Four glucosyltransferases, GtfJ, GtfK, GtfL and GtfM, from Streptococcus salivarius ATCC 25975.

The four recombinant glucosyltransferases (GTFs), GtfJ, GtfK, GtfL and GtfM, that had previously been cloned from Streptococcus salivarius ATCC 25975, were individually expressed in Escherichia coli and their glucan products and kinetic properties were analysed.

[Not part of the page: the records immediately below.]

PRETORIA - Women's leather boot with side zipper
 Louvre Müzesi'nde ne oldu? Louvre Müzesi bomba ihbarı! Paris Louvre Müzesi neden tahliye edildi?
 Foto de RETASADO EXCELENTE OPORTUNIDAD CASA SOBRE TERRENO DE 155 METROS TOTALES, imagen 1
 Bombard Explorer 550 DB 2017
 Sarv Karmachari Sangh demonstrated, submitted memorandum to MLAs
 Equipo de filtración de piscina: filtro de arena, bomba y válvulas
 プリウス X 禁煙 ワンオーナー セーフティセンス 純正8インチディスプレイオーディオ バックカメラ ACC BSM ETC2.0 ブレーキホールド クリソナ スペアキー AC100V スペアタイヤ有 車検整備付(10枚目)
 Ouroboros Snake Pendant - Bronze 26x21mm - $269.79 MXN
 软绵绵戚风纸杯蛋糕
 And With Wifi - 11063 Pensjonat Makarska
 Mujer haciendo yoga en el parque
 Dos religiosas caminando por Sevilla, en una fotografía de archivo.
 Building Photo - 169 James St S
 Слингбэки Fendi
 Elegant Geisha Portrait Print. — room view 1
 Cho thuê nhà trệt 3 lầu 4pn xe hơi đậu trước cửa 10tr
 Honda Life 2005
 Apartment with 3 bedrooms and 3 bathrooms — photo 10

GtfJ was a primer-dependent GTF which synthesized an insoluble glucan composed mainly of alpha-(1-->3)-linked glucosyl residues in the presence of dextran T-10. GtfK was primer-stimulated, and produced a linear soluble dextran without any detectable branch points both in the absence and in the presence of dextran T-10. GtfL was primer-independent and produced a mixed-linkage insoluble glucan composed of approximately equal proportions of alpha-(1-->3)- and alpha-(1-->6)-linked glucosyl residues. GtfL was inhibited by dextran T-10. GtfM was primer-independent and produced a soluble dextran with approximately 5% alpha-(1-->3)-linked glucosyl residues. GtfM was essentially unaffected by the presence of dextran T-10. The results confirmed that each enzyme represented one of the four possible combinations of primer-dependency and product solubility and that each possessed unique biosynthetic properties. The soluble dextrans formed by GtfK and GtfM, as well as the mixed-linkage insoluble glucan formed by GtfL, were also capable of acting as primers for the primer-dependent GtfJ and the primer-stimulated GtfK. Unexpectedly, the linear dextran produced by GtfK was by far the least effective either at priming itself or at activating and priming the primer-dependent GtfJ.